Fairfax, he says, "is a good place to live if you've got


a career here, but it's certainly not a relaxing place
to live. Too much clutter."

The county has not always been chaotic. Few people


know that better than Sweig, who has written
extensively about Fairfax from the time Ice Age
Indians lived here to the opening of the Capital
Beltway in 1964, which "helped transform Fairfax
County into the bustling society it is today," as
Sweig himself once wrote.

Sweig joined the county's historical preservation


and research office as an intern in the summer of
1973, when Fairfax's population was about 500,000
and rising fast as large companies began locating
here.

In a recent interview, he delighted in showing a


visitor the bird's-eye photographs of Fairfax in 1950
compared with how it looked in 1980.

"Tysons Corner is bigger than half the cities in this


country!" he exclaimed. "I mean, nobody ever
believed that was possible."

Sweig, who has a weathered face with a ruddy


complexion and bright grayish eyes, was wearing
jeans and an oversize brass belt buckle showing
Virginia's state insignia.
He is a product of the Washington area, having
grown up in Arlington County during the 1950s
before leaving to earn a PhD at the College of
William and Mary.

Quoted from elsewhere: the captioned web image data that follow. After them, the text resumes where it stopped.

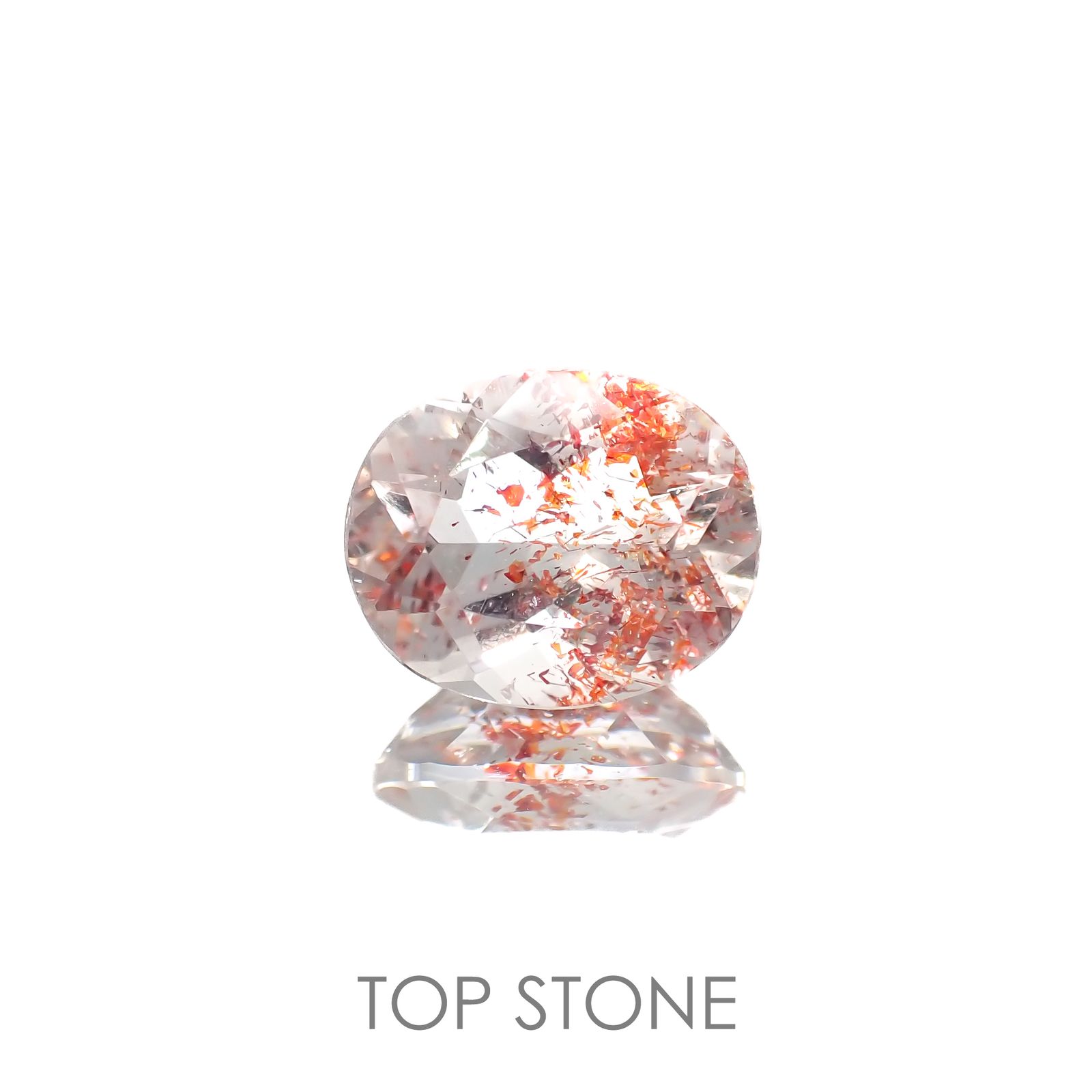 ファイヤークォーツ ナイジェリア産 2.45ct[220917575]9.9x8mm前後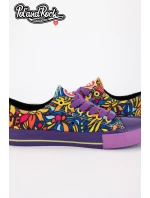 Tenisky Pol'and'Rock Festival X Big Star SS274905 Fialové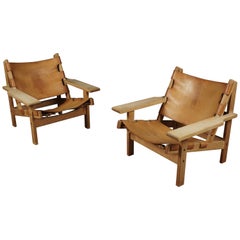 Rare Pair of Kurt Østervig Hunting Chairs from Denmark, 1960s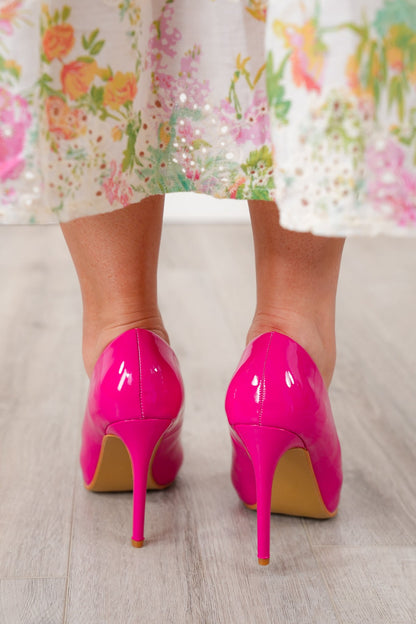 Slim Stiletto High Heel Pump with Glossy Finish
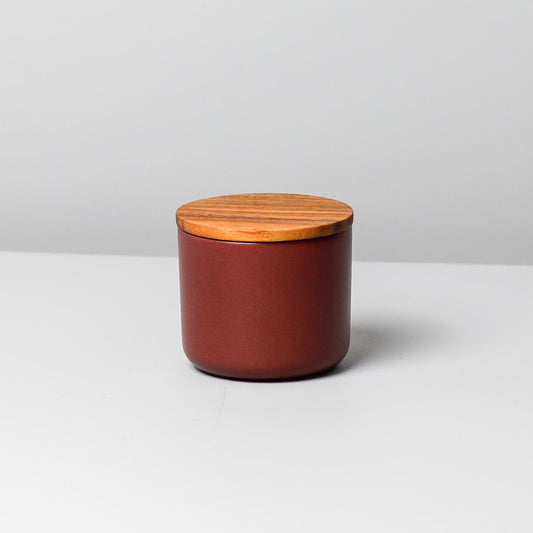 Brampton Stoneware Medium Canister, Burgundy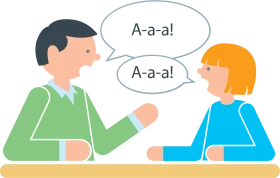 Speech Therapy Interaction Clipart: Communication and Language Development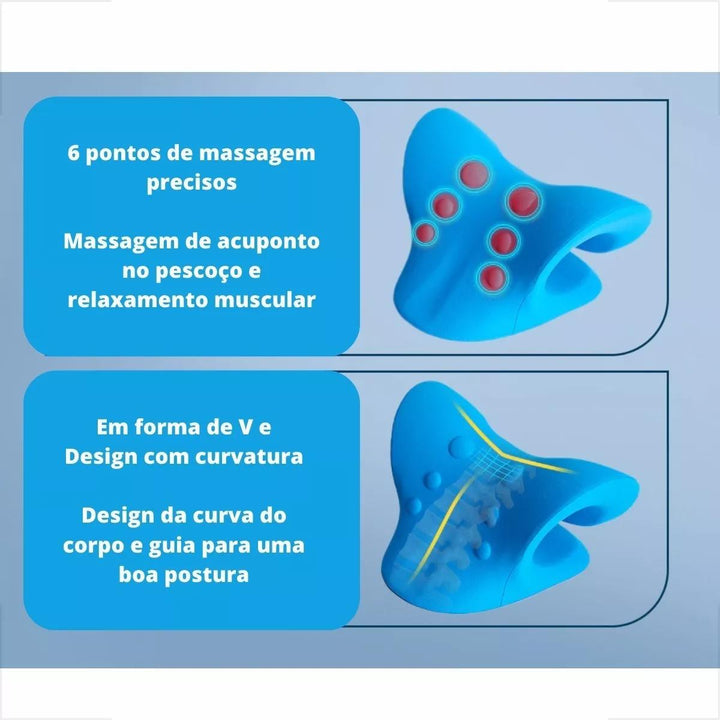 Massageador Alongador Cervical Alivio Dor Pescoço Ortopédico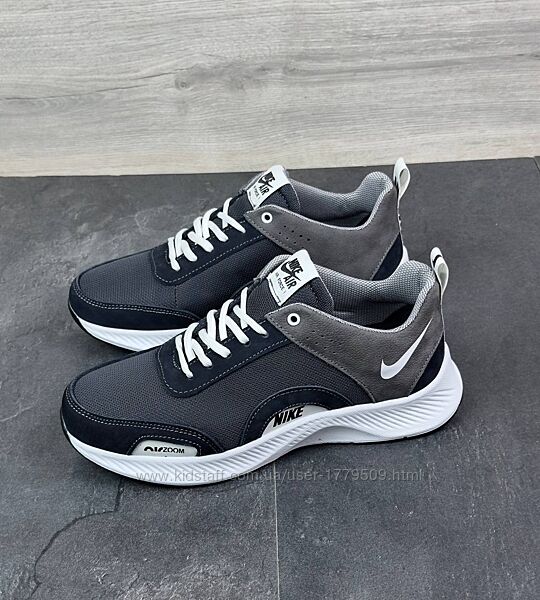 Чоловічі кросівки 02-16/23 син/сір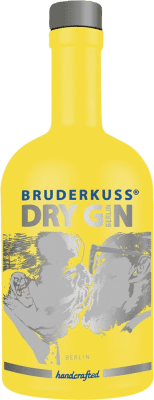 105,95 € 免费送货 | 金酒 Gin Bruderkuss Berlin Yellow — 黄色版, 限量版 德国 中瓶装 50 cl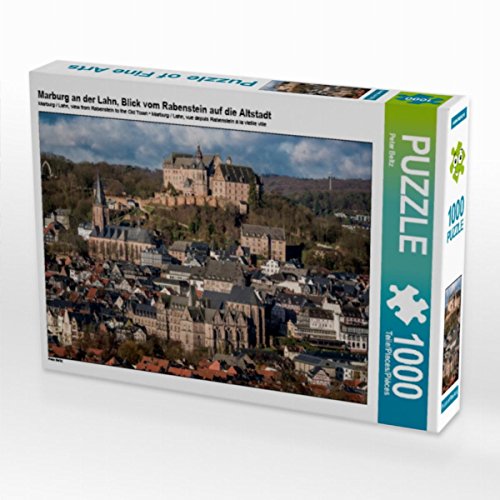 CALVENDO Puzzle Marburg an der Lahn, Blick vom Rabenstein auf die Altstadt 1000 Teile Lege-Größe 64 x 48 cm Foto-Puzzle Bild von Peter Beltz CALVENDO Puzzle Marburg an der Lahn, Blick vom Rabenstein auf die Altstadt 1000 Teile Lege-Größe 64 x 48 cm Foto-Puzzle Bild von Peter Beltz von CALVENDO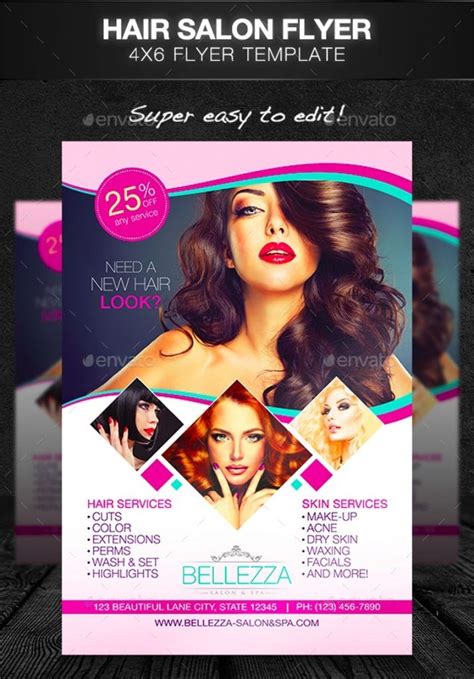 Psd formal allows to you to make all the necessary editions and achieve different goals. Free Hair Salon Flyer Templates | Free beauty products ...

He now lives in the Falls Church
section of Fairfax, near Loehmann's Plaza shopping
center.

But Sweig is more cowboy than academic.

"I'm a woodsy, campy kind of guy," he said, adding


that he intends to pursue a second career in nature
photography.

As county historian, Sweig researched all aspects of


Fairfax's past but specialized in African American
studies. With the Beltway and the county's rise in
population, its residents' often narrow attitudes
toward blacks broadened as the new roads brought
new people.

But even in the affirmative action days of the 1970s


-- one of many changes that grew out of the civil
rights reforms of the 1960s -- Sweig said it was not
unusual for white residents to openly resent a racial
change such as when the first black police officer
joined the force in Fairfax.

Skip forward to November 2001, after years of


Latino, Asian and Middle Eastern immigration to
Fairfax. At sunset on the first day of Ramadan,
Sweig said, he saw a letter carrier drop to his knees
by the roadside and pray to the East.

"That kind of thing would never have happened in


1960s Fairfax County," Sweig said, a look of wonder
on his face.

For the last five years, Sweig has worked at the


James Lee Community Center in the Falls Church
area -- formerly James Lee Elementary School,
which was built in 1948 for black students but
closed in the mid-1960s after desegregation.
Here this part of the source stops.